My parents are middle aged now and the thought never crossed my mind to ask until I became a parent. Who are these people?
I think you would be amazed by what you find out. I realized my mother, in particular, was three people. First, she was the woman who raised me. Second, she is the most doting, “my kids can get away with murder,” loving, and compassionate grandmother.
Lastly, before me she was a woman with her own LIFE. Can you imagine? I always thought her life started when she had ME. This is very selfish on my part considering I am the youngest of four siblings.
I am reminded of the book and movie, “ The Joy Luck Club” about the relationships of four immigrant Chinese women and their daughters that were born in America. The theme is universal; mother and daughter relationships are complicated. Can I get an Amen? The movie truly is a must see for anyone who is a daughter, wife, mother, sister, friend. It explores how life experiences shape not only you, but your children too.
Haitian mothers are no different. However, unlike in China, girls are held in high regard. We are coveted prizes; blessings from above. My mother tells the story that during her pregnancy with me (her last child and only daughter), an angel – yes the heavenly kind – telling her she was going to have a girl and to name her “Dina” from the bible which means “Vindicated.” True Story. So, girls are like God’s gift. I was (smile).
So much is made about every life event from the baptism, celebrating birthdays, communion, confirmation, hairstyles, the Easter dresses, graduations, wedding, birth of a child, etc. A huge “fete” would be thrown each and every time in our honor.
There you have the positives about being the girl in the family, however to whom much is given, MUCH is expected. Expectations for girls are high, very high, unattainable and designed that way.
As you got older, the rules and level of expectation increased exponentially. In my case, and perhaps yours, my mother had a group of friends that we will dub the “Joyeux Luck Club”. The group consisted of women with children, but more importantly a girl, that was my age. This meant that not only did you have these expectations, but now you were introduced to the “competition”. Like a boxer in a ring, you had to come out swinging.

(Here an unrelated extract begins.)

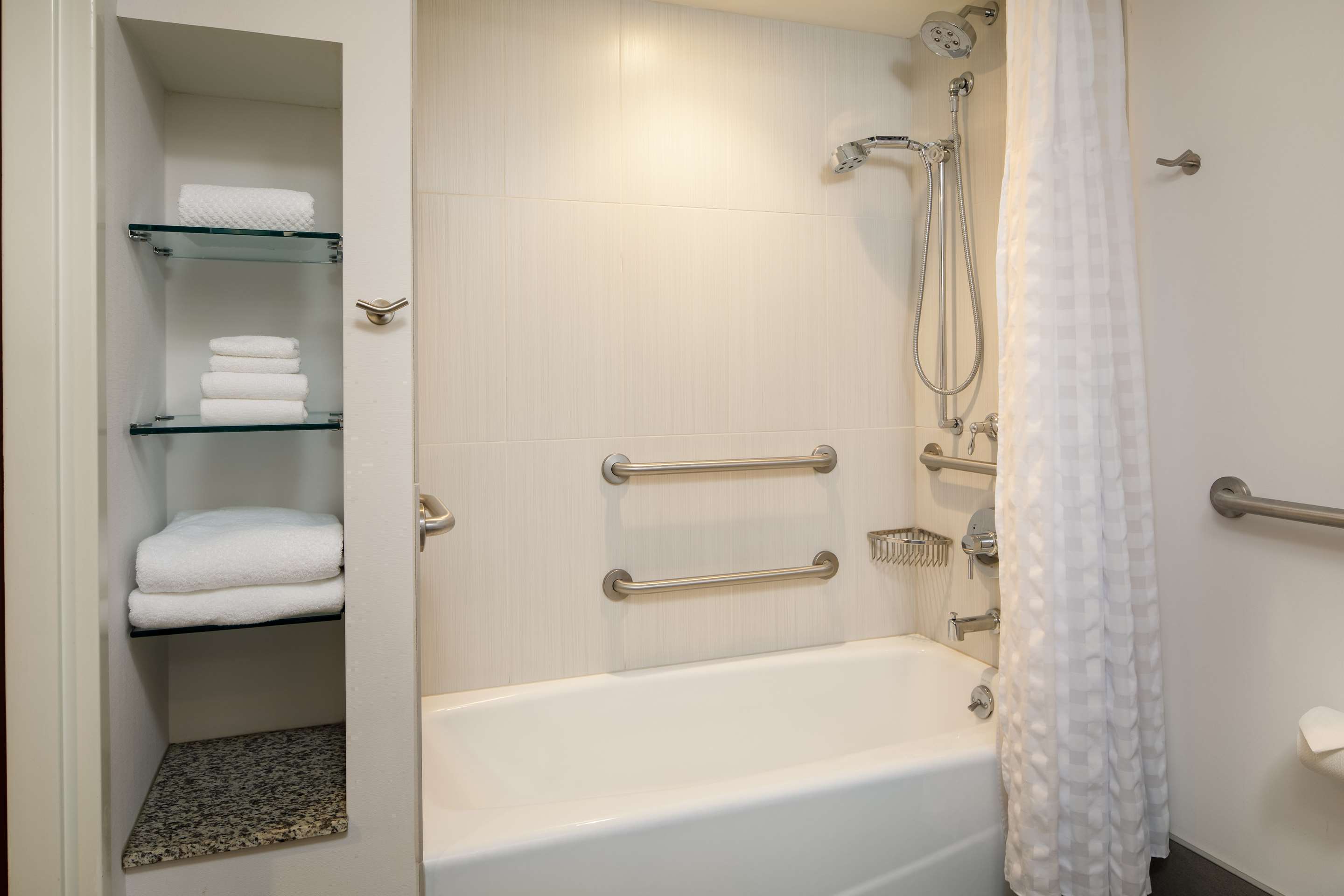 Guest room bath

Now, this has been my personal experience and may have been different for you. Growing up, there were two girls in particular, and we pretty much saw each other during parties or any other family functions. When we were young, our parents would compare school stories about how so and so made honor roll and lay out our mini resumes.
As we approached teen years, things got cranked up a notch. The level of expectation was much higher. I secretly hoped that my “resume” was comparable if not better than the “competition”. I didn’t want to hear “How come so and so is doing this and you aren’t?” on the ride home. By the way, it seems petty to me, but in hindsight it forced me to step up my game even as a reluctant participant. I remember once, I decided to cut my hair completely off without consulting my mother. This was during my rebellious, Public Enemy “ Fight the Power” stage. My justification was that I was grown, well I was 18, but 18 is grown when you are young. Do you know my mother refused to take me anywhere?!

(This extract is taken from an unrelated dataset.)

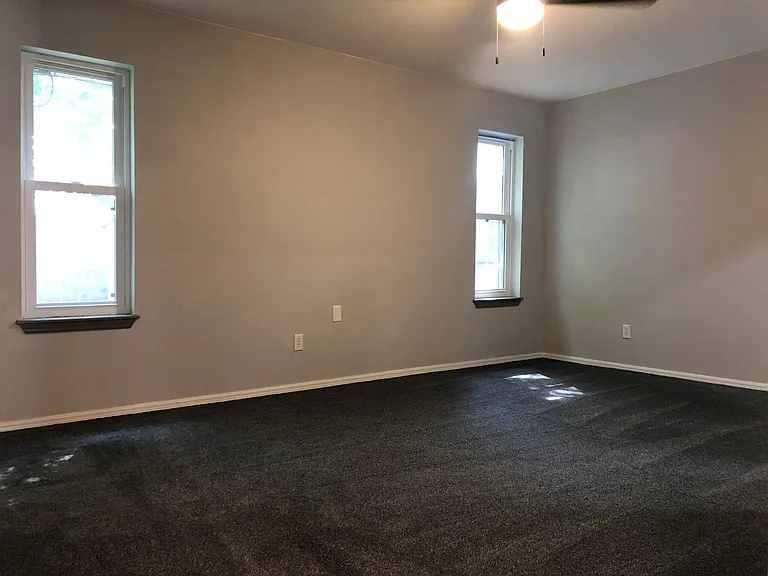 1834 NW 42nd St — Photo 14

That’s another thing. Haitian girls must have hair. Hair is status. Hair is liquid gold. You are nothing if you don’t have hair. I say all of that to say, The “short natural” look was not approved and totally unacceptable. My mother was livid. She felt it was the epitome of disrespect and I was forbidden to attend functions with her until I grew it back.

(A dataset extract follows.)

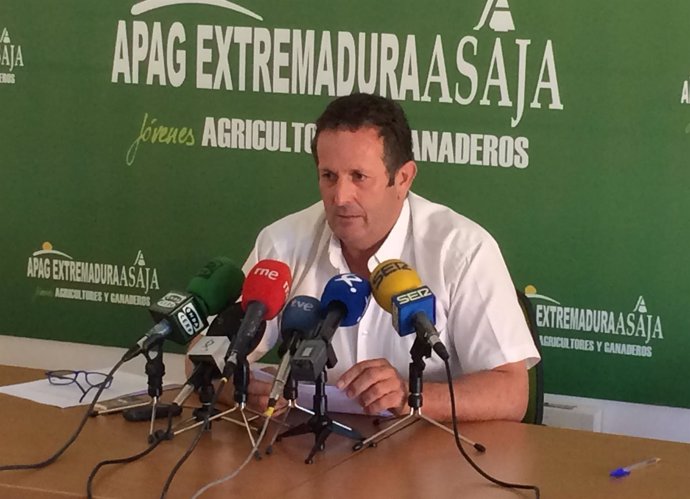 Juan Metidieri en rueda de prensa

So what was it about my Mother’s past that she felt the need to place so much pressure on me academically and socially and was so hurt by a simple haircut? It was not until recently, that I sat down with my mom and this is what she shared:
My mother was born in the Haitian countryside in 1946. Her family was very poor. She lost both her parents within months of each other. Her father died in an accident a few months before she was born, and her mother passed away while giving birth to my mom. I always knew my grandparents had passed away but am only now did i know the circumstances. My mother was raised by a family friend who had no children and was beyond child bearing years but was given an herbal remedy which would allowed her to produce breast milk, thus saving my Mother’s life. She was an excellent student in school, Math was her favorite subject, but poverty did not allow her to continue. She was a fighter growing up. I mean literally, she would get into many physical altercations some due to anger, others to protect herself from unwanted advances. She once fell into a burning campfire and lost all her hair. As a result, her hair does not grow more than a few inches. She has tried different remedies, but to no avail. Remember, Hair is status, it is everything.
I share the story because it gave me insight into her life and how it influences my life. How many of you have had your parents react to something and you think to yourself, “What is the big deal?”.
I encourage all of you reading to engage your parents in a dialogue about who they were as children? Teens? How did their life circumstances shape yours? You may be surprised.
I now have a daughter and so I must instill in her the gifts given to me by Mother. My husband often tells me, “You never take ‘No’ for an answer” — that’s the fight in me, a gift for my mother.
What were your experiences growing up? Do you know much about your parents? What did you find out? How has it shaped you?